How to complete this task: Exactly as written, output each of the lines below, with no images.

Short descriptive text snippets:
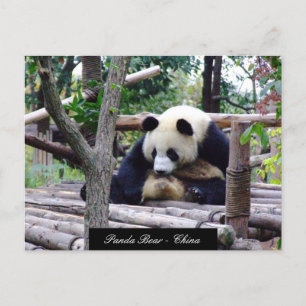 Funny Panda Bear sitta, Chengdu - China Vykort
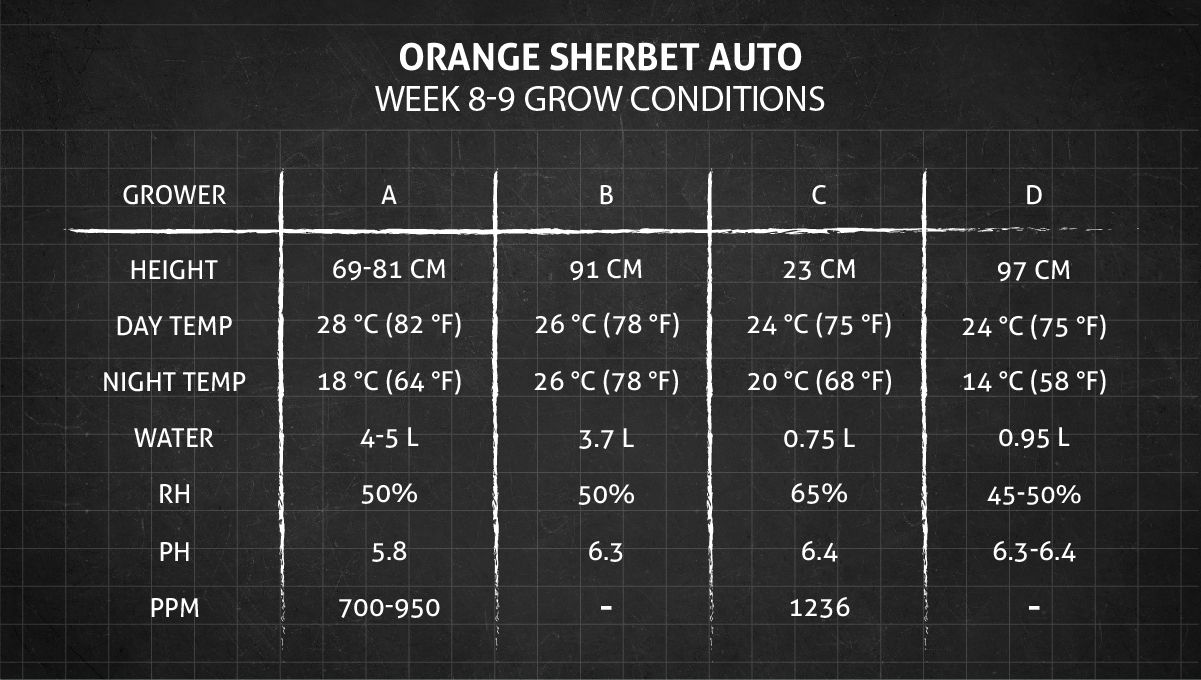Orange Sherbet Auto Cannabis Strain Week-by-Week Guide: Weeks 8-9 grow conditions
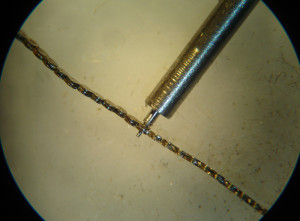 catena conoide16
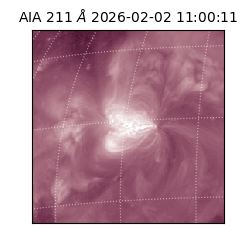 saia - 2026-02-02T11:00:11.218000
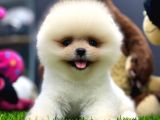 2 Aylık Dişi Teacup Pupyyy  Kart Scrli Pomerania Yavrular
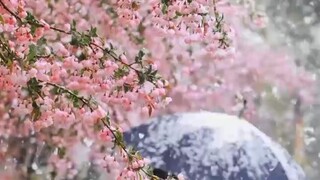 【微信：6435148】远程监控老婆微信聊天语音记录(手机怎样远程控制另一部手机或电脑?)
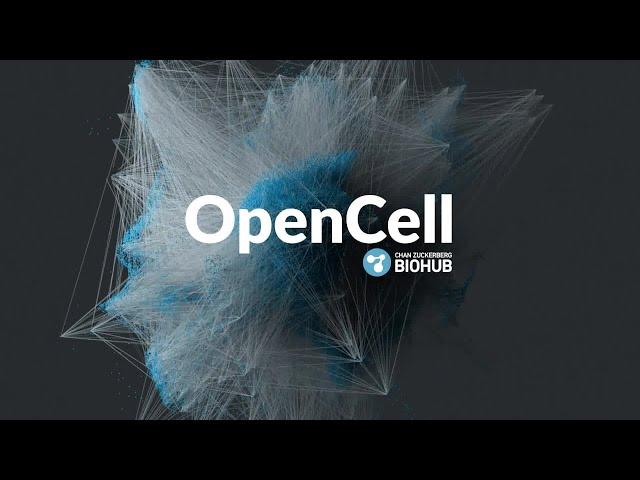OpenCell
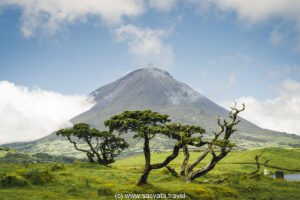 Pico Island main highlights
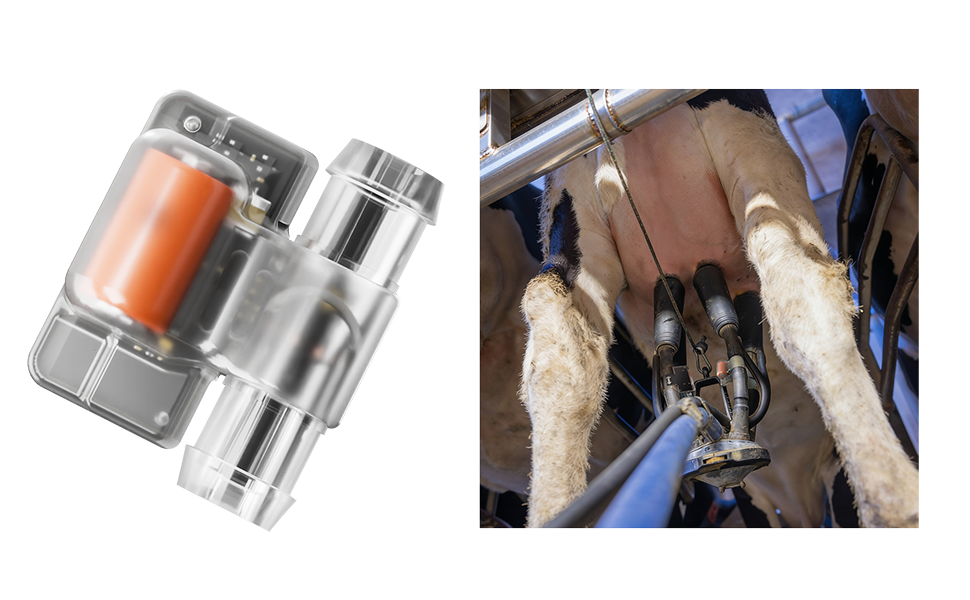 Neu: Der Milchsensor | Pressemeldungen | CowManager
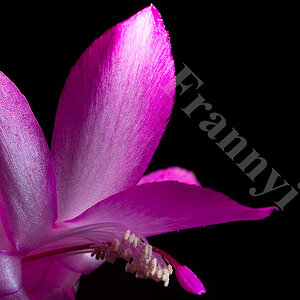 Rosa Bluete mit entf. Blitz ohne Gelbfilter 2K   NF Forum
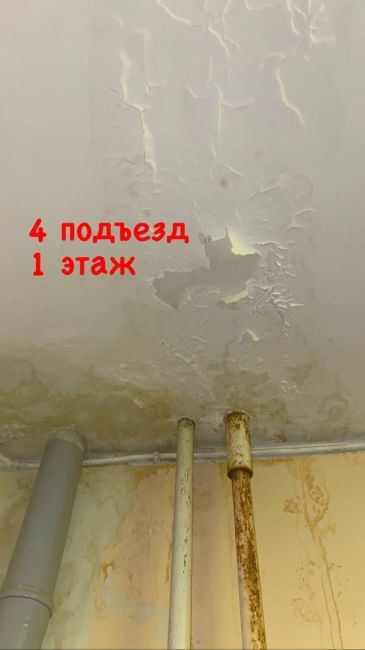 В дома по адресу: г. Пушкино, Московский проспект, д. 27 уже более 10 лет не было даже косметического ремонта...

Exercise output:
 Funny Panda Bear sitta, Chengdu - China Vykort
Orange Sherbet Auto Cannabis Strain Week-by-Week Guide: Weeks 8-9 grow conditions
 catena conoide16
 saia - 2026-02-02T11:00:11.218000
 2 Aylık Dişi Teacup Pupyyy  Kart Scrli Pomerania Yavrular
 【微信：6435148】远程监控老婆微信聊天语音记录(手机怎样远程控制另一部手机或电脑?)
OpenCell
 Pico Island main highlights
 Neu: Der Milchsensor | Pressemeldungen | CowManager
 Rosa Bluete mit entf. Blitz ohne Gelbfilter 2K   NF Forum
 В дома по адресу: г. Пушкино, Московский проспект, д. 27 уже более 10 лет не было даже косметического ремонта...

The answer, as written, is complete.